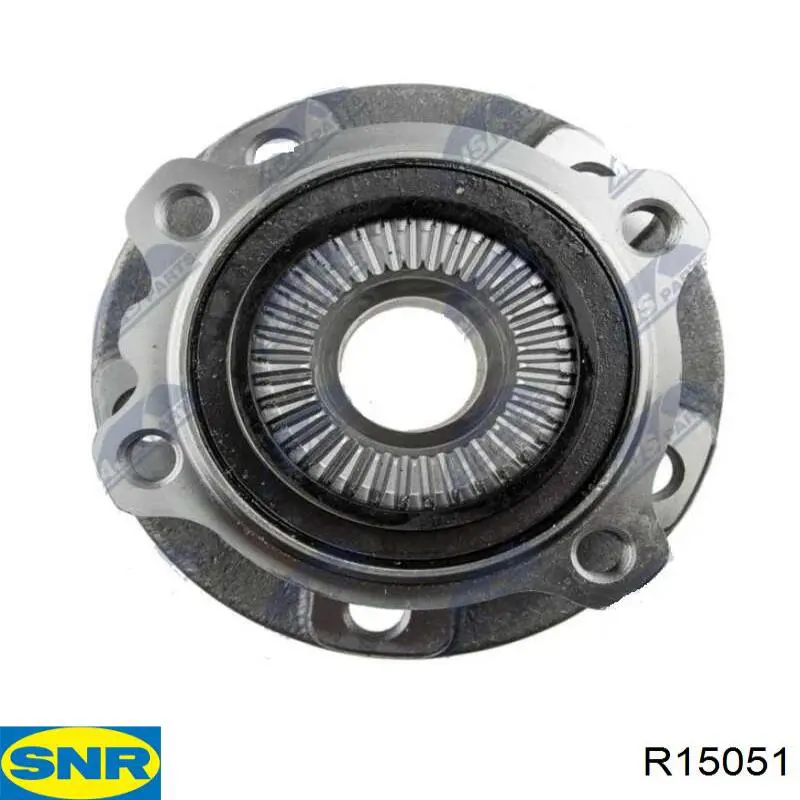 Передня маточина R15051 SNR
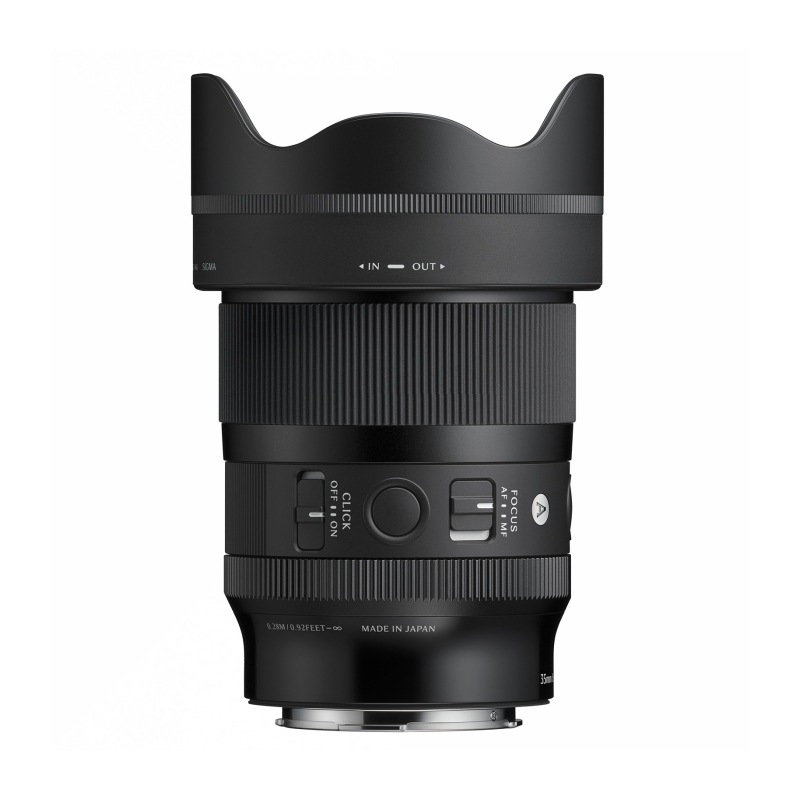 35mm F/1.4 DG II Art Sony E-mount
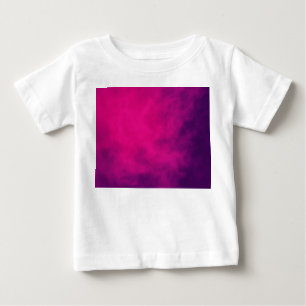 Custom Magenta Baby T-Shirt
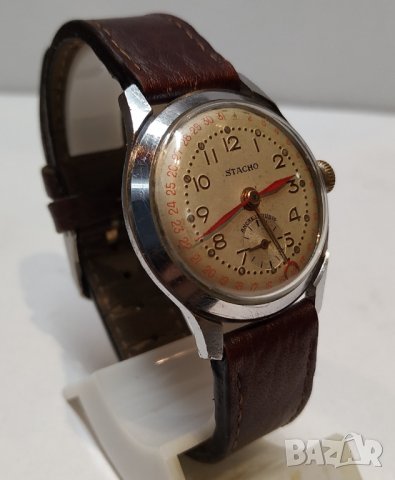 Ръчен часовник календар, снимка 6 - Мъжки - 29442155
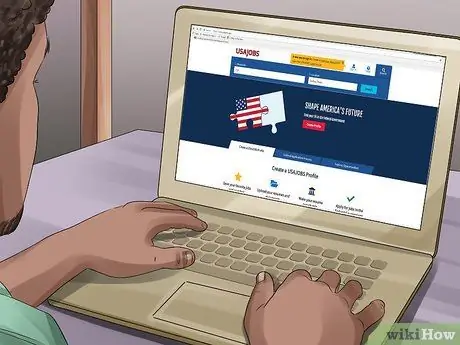 Подать заявку на работу TSA Шаг 4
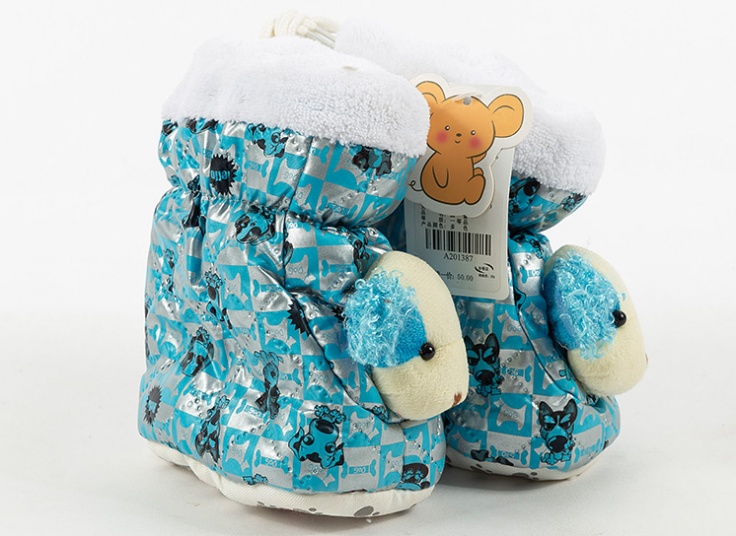 پاپوش ساق دار بچگانه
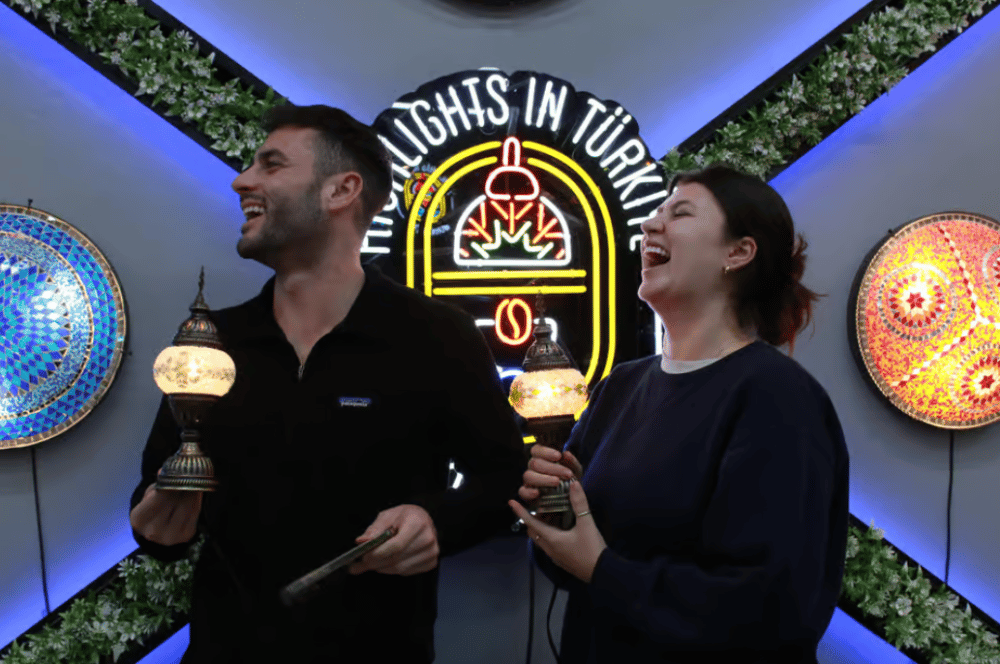 Marmaris: Traditional Mosaic Lamp Workshop | ®ExcursionMania - Image 3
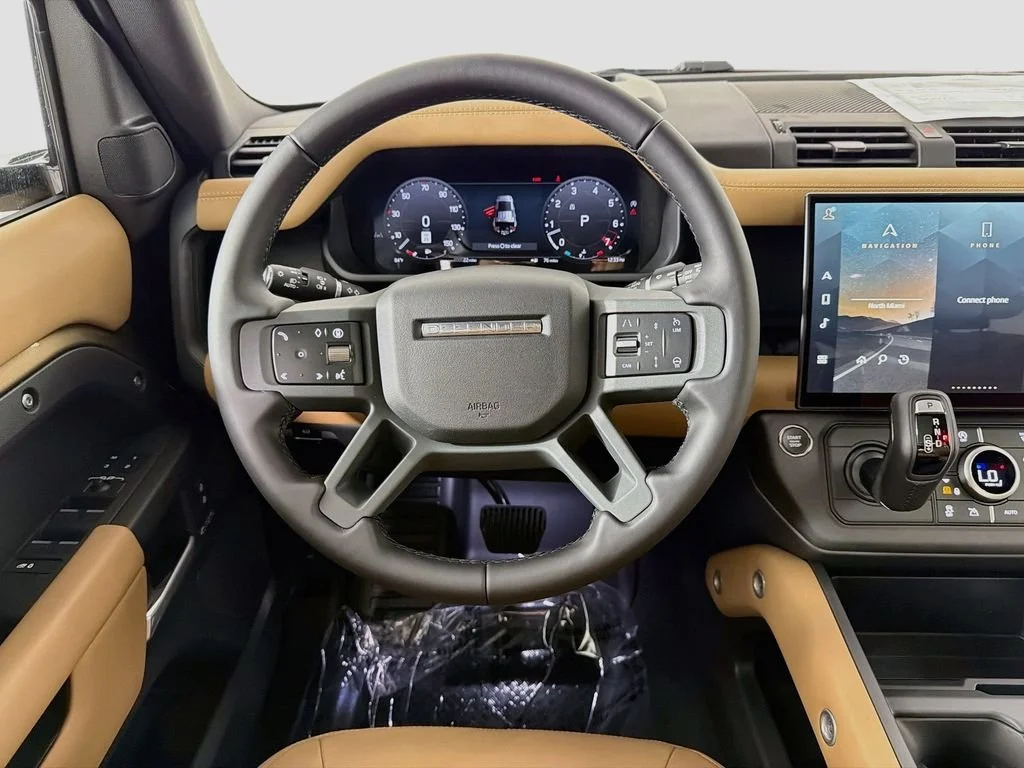 2026 Land Rover Defender X-Dynamic SE - Photo 24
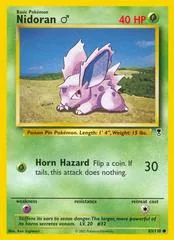Nidoran #83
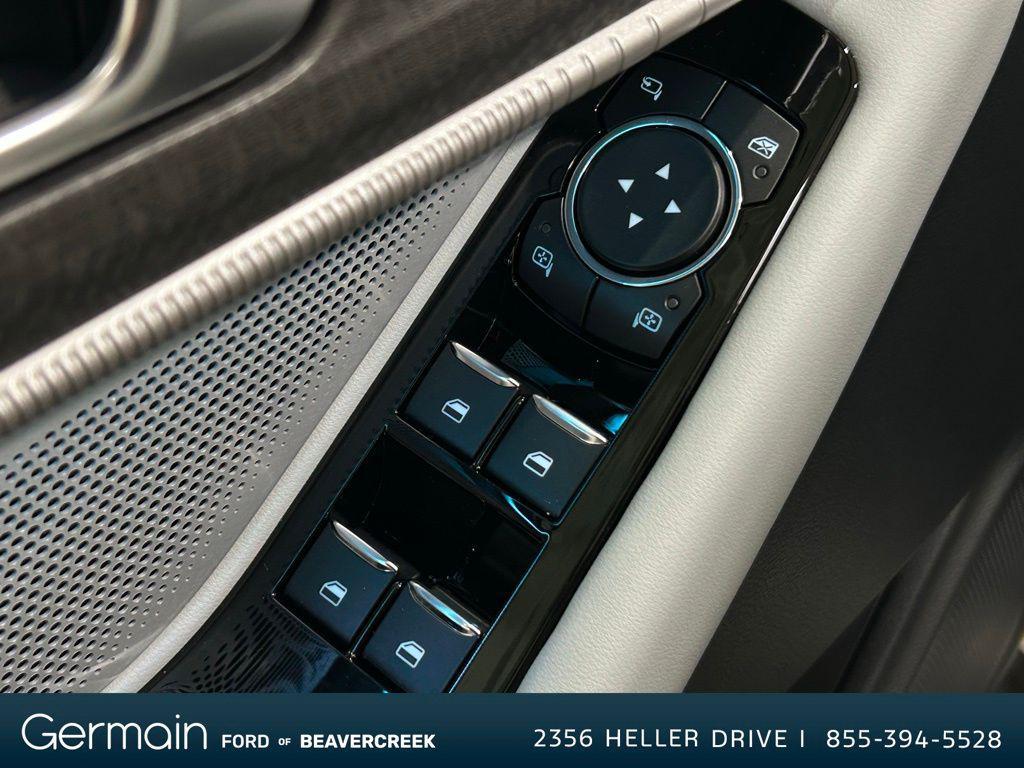 new 2025 Ford Explorer car, priced at $57,283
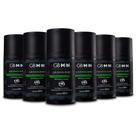 Desodorante Roll-on Giovanna Baby GB Men Fresh 50ml 06 unidades Desodorante Roll-on Giovanna Baby GB Men Fresh 50ml 06 unidades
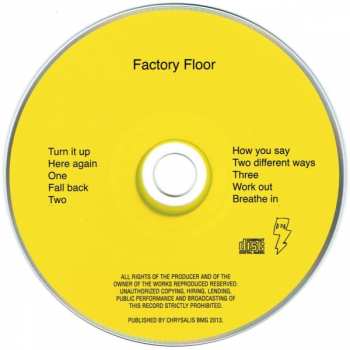 LP Factory Floor: Factory Floor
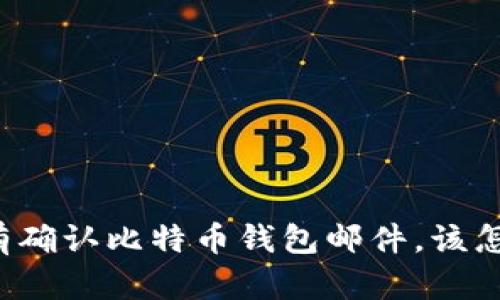 我没有确认比特币钱包邮件，该怎么办？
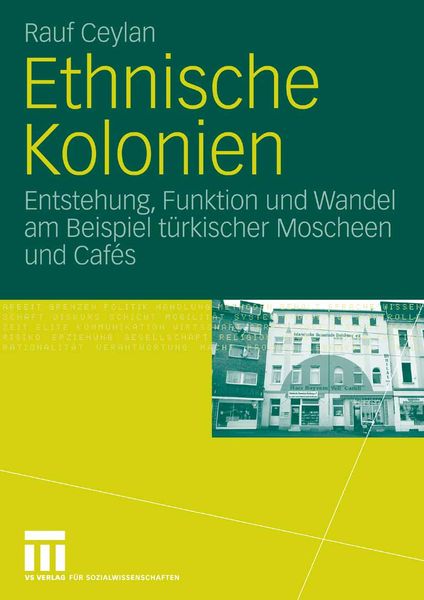 Produktbild: Ethnische Kolonien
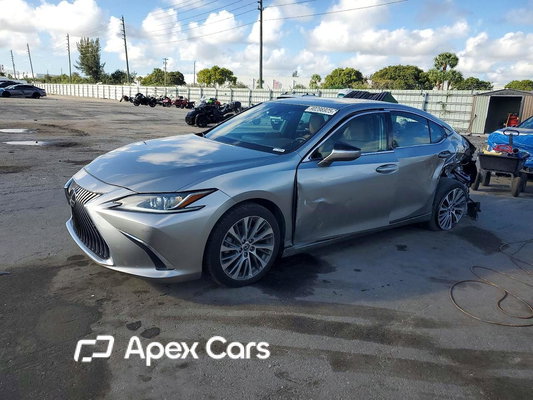 Lexus ES 2019 - Zdjęcie 1 z 12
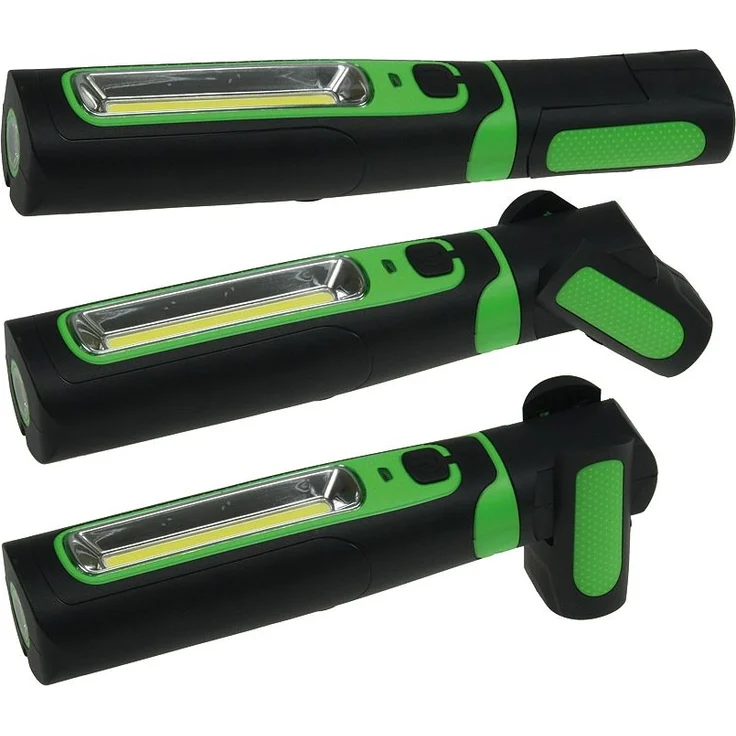 LED Arbeitsleuchte Werkstattlampe mit Magnethalter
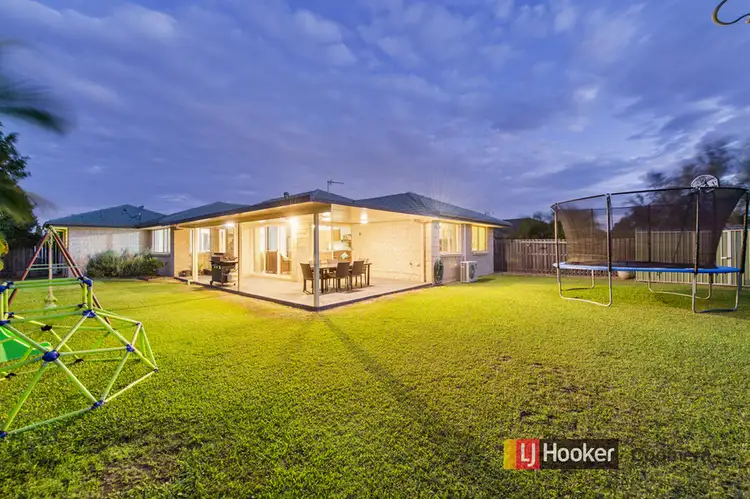 Second view of Homely house listing, 14 Principal Drive, Upper Coomera QLD 4209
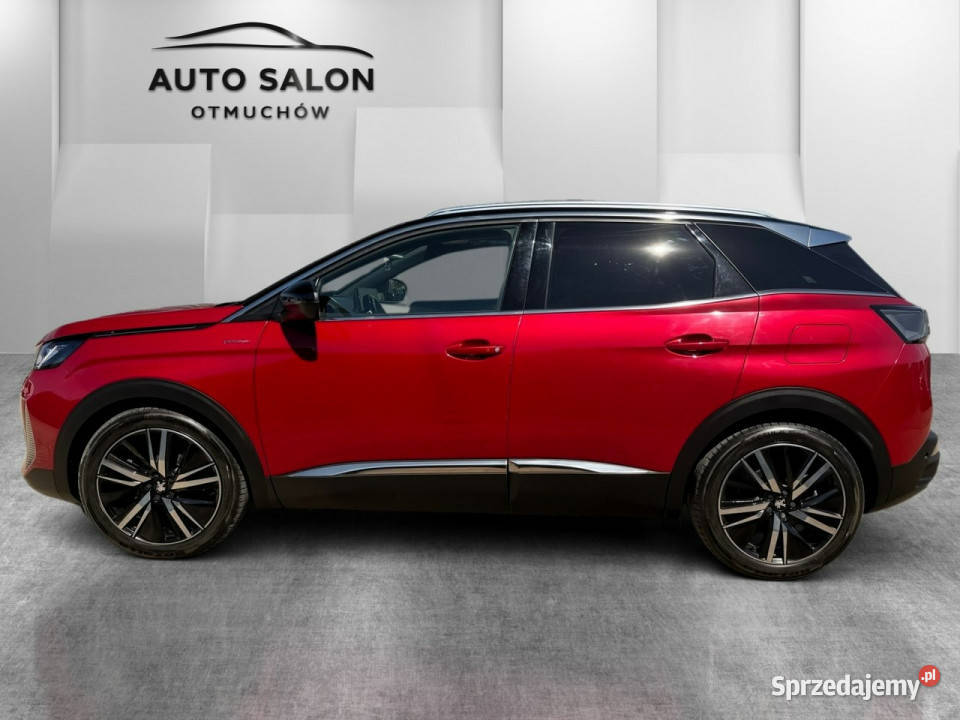 Peugeot 3008 GT kamery skóra MASAZE nawi webasto centralny zamek Otmuchów sprzedam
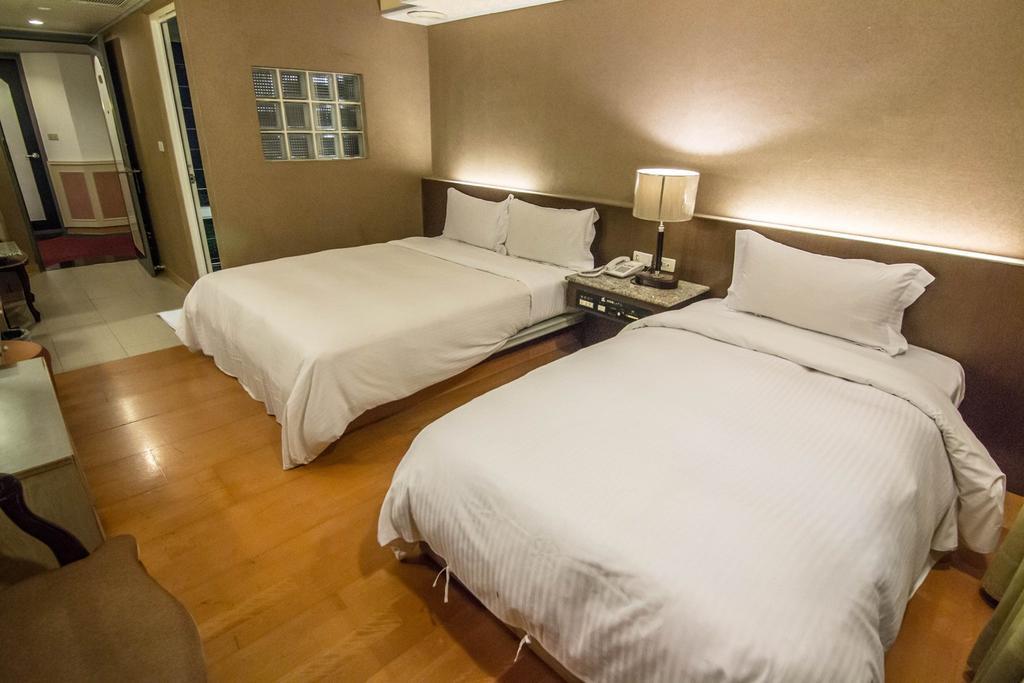 Katherine Plaza Hotel Cao Hùng Ngoại thất bức ảnh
--*--
Work instruction:
An answer containing only the lines from the one holding "Peugeot 3008 GT" through the close of the entries above, reproduced exactly and stripped of pictures, is expected.

Reply:
 Peugeot 3008 GT kamery skóra MASAZE nawi webasto centralny zamek Otmuchów sprzedam
 Katherine Plaza Hotel Cao Hùng Ngoại thất bức ảnh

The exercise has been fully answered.